1. Write up a brief interpetation of the stats.

Next we aggregate the data per year. Note that data for 2021 are only partial.

In [8]:
# Group the data by year
# Quick comparison of spending

by_year = ckbk.groupby("invoice_year")
yr_sums = pd.DataFrame(columns=["year", "count_invoices", "total_invoiced"])
for name, group in by_year:
    print(name, group["INVOICE AMOUNT"].sum())
    ct_invoices = len(group)
    total_invoices = group["INVOICE AMOUNT"].sum()
    yr_sums = yr_sums.append(pd.DataFrame([[name, ct_invoices, total_invoices]],
                                          columns=["year", "count_invoices", "total_invoiced"]))

2019 258238433.7
2020 559475467.7099999
2021 319904771.52000004


Now:

1. Add a new, empty code block below to generate 
    1. A table showing the total invoices per year using the 'yr_sums' dataframe
    1. A plot of the table
1. After the code block, add a Markdown block to interpret the data

In [11]:
# Group the data by vendor
# do a bit of summarizing per vendor

per_vendor = ckbk.groupby("NAME1")
cols = ["vendor", "total_ct_invoices", 
        "sum_invoiced", "avg_invoice", "avg_billed_duration"]
pv = pd.DataFrame(columns=cols)
for name, group in per_vendor:
    ct_inv = len(group)
    sum_inv = group["INVOICE AMOUNT"].sum()
    sum_ttp = group["billed_duration"].sum()
    avg_inv = round(sum_inv / ct_inv, 2)
    avg_ttp = round(sum_ttp / ct_inv, 2)
    pv = pv.append(pd.DataFrame([[name, ct_inv, sum_inv, avg_inv, avg_ttp]], 
                                columns=cols))
    
# We will also sort the new dataframe by amount invoiced per vendor
# with the vendors receiving the most money at the top
pv.sort_values(by=["sum_invoiced"], inplace=True, ascending=False)

Now:
    
1. Add a new, empty code block below to generate 
    1. A table showing the first five vendors in the 'pv' dataframe 
    1. A plot of the first five vendors in the 'pv' dataframe
1. After the code block, add a Markdown block to interpret the data

Looking at the data in both of our grouped dataframes, what other trends can we explore?

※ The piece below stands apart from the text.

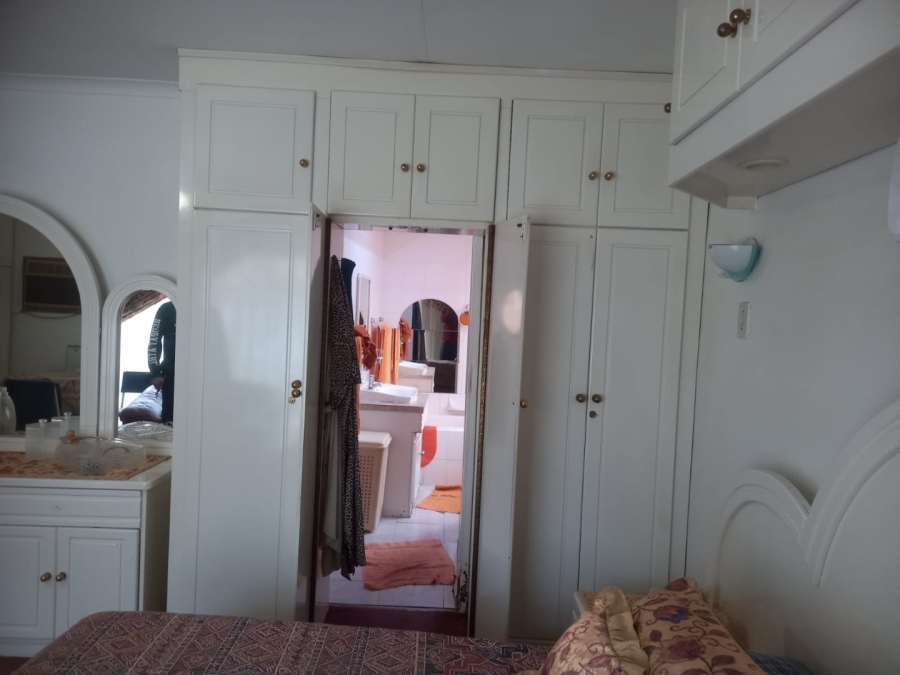 4 Bedroom Property for Sale in Manzil Park North West
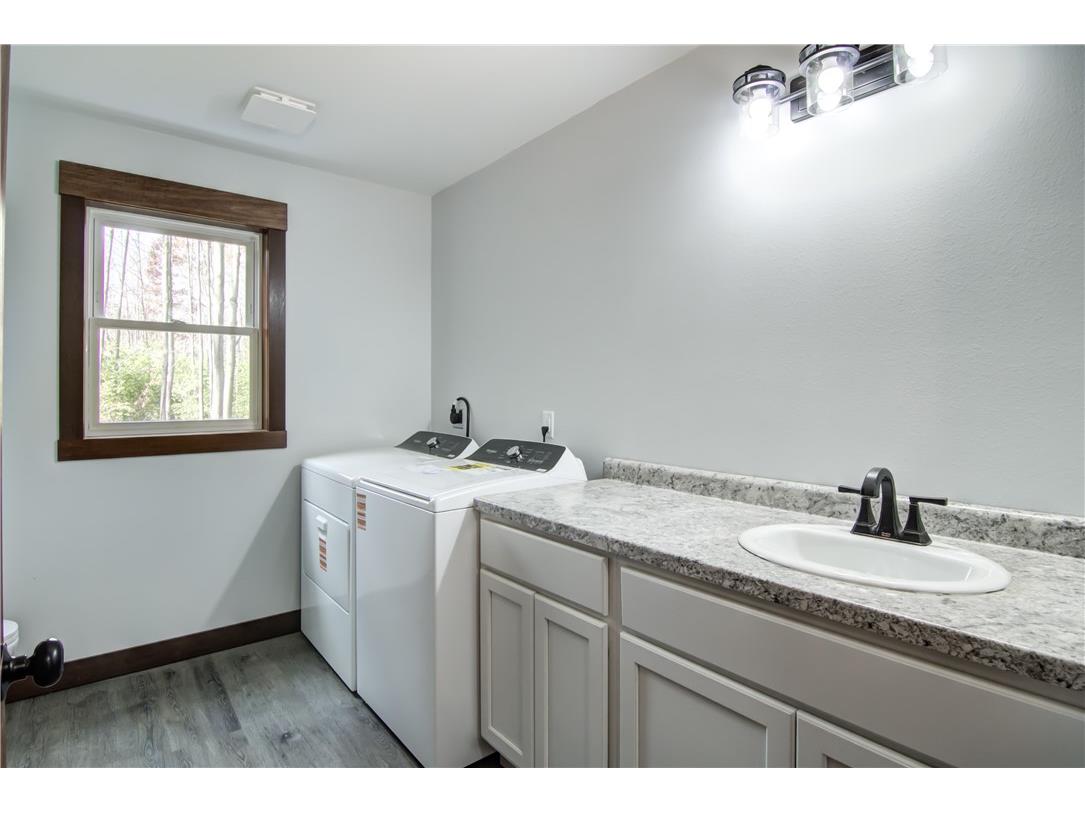 24888 65th Avenue Cadott WI 54727 1596876 image32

On your own and using our code above as examples, sort and plot the data to highlight one of these trends. Create new code and Markdown blocks as needed to accomplish this.

## Discussion

Add a few sentences to discuss the impact of the COVID-19 pandemic on city spending, as evidenced by the data.


## Conclusion

Summarize the research and additional research topics to explore that can further highlight the effect of the pandemic on city spending.